■ WHAT IS NEEDED
In full and word for word, give the records again.

*****

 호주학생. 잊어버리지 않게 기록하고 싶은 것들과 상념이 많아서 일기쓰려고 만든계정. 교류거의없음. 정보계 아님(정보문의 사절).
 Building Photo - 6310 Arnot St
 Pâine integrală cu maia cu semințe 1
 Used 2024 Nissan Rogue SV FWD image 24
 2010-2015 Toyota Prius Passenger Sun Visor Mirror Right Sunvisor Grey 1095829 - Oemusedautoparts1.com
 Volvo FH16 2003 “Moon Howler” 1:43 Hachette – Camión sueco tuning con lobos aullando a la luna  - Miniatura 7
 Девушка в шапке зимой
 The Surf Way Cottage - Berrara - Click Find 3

*****

■ FINISHED TASK
 호주학생. 잊어버리지 않게 기록하고 싶은 것들과 상념이 많아서 일기쓰려고 만든계정. 교류거의없음. 정보계 아님(정보문의 사절).
 Building Photo - 6310 Arnot St
 Pâine integrală cu maia cu semințe 1
 Used 2024 Nissan Rogue SV FWD image 24
 2010-2015 Toyota Prius Passenger Sun Visor Mirror Right Sunvisor Grey 1095829 - Oemusedautoparts1.com
 Volvo FH16 2003 “Moon Howler” 1:43 Hachette – Camión sueco tuning con lobos aullando a la luna  - Miniatura 7
 Девушка в шапке зимой
 The Surf Way Cottage - Berrara - Click Find 3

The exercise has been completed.